Exactly and only the lines below from the one containing "Sexo erótico com" down to the one containing "Dennis Speelgoedkist Betongrijs" are wanted, both included; please exclude every picture.

» **Supplied data**:
....

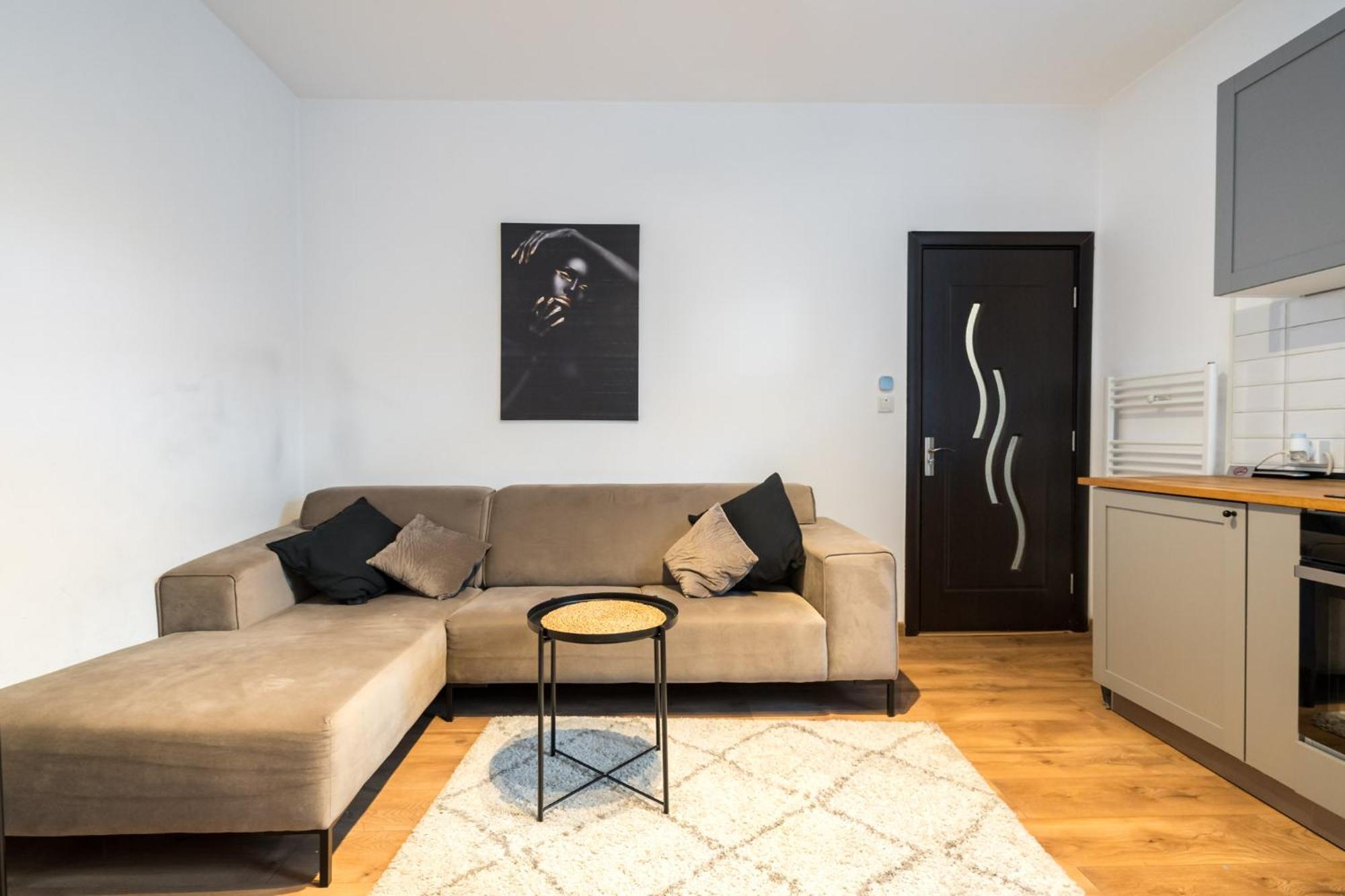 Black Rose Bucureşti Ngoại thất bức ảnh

....

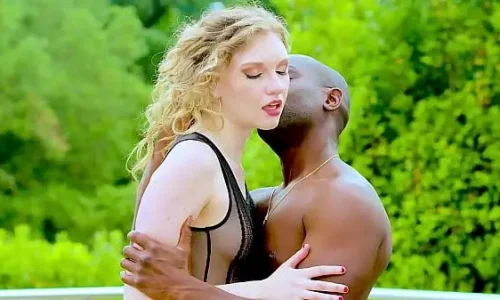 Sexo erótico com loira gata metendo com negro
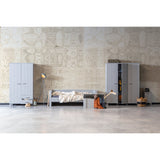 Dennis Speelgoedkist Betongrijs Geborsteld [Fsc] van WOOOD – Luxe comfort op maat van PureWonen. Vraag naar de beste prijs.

....

» **Finished exercise**:
 Sexo erótico com loira gata metendo com negro
 Dennis Speelgoedkist Betongrijs Geborsteld [Fsc] van WOOOD – Luxe comfort op maat van PureWonen. Vraag naar de beste prijs.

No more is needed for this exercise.